** Opening Dataset extract block **

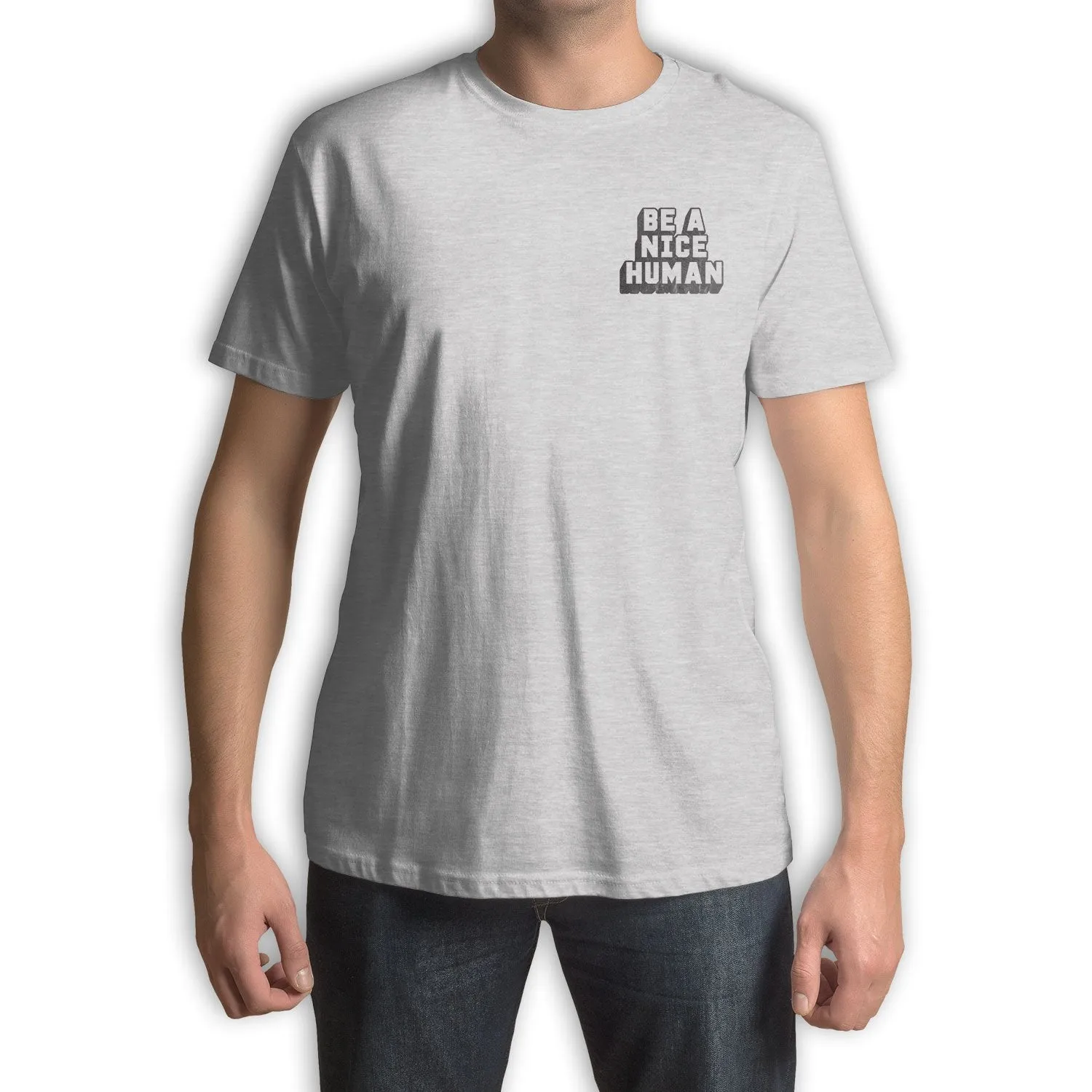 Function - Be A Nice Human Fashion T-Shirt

** Closing Dataset extract block **
** Opening Dataset extract block **

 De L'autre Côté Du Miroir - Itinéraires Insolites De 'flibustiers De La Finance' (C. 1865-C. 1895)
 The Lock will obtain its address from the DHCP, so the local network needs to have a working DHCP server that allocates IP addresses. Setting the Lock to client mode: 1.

** Closing Dataset extract block **
** Opening Dataset extract block **

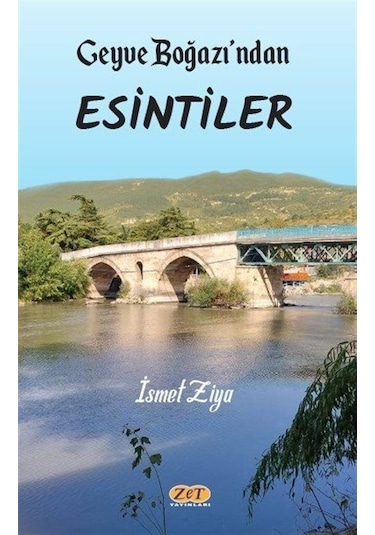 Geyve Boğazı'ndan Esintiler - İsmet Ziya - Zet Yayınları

** Closing Dataset extract block **

▶ _Your task_: In the listing above, find the line with "De L'autre Côté" and the line with "The Lock will". Output those two lines and every line between them, exactly as written.

▶ _Result_:
 De L'autre Côté Du Miroir - Itinéraires Insolites De 'flibustiers De La Finance' (C. 1865-C. 1895)
 The Lock will obtain its address from the DHCP, so the local network needs to have a working DHCP server that allocates IP addresses. Setting the Lock to client mode: 1.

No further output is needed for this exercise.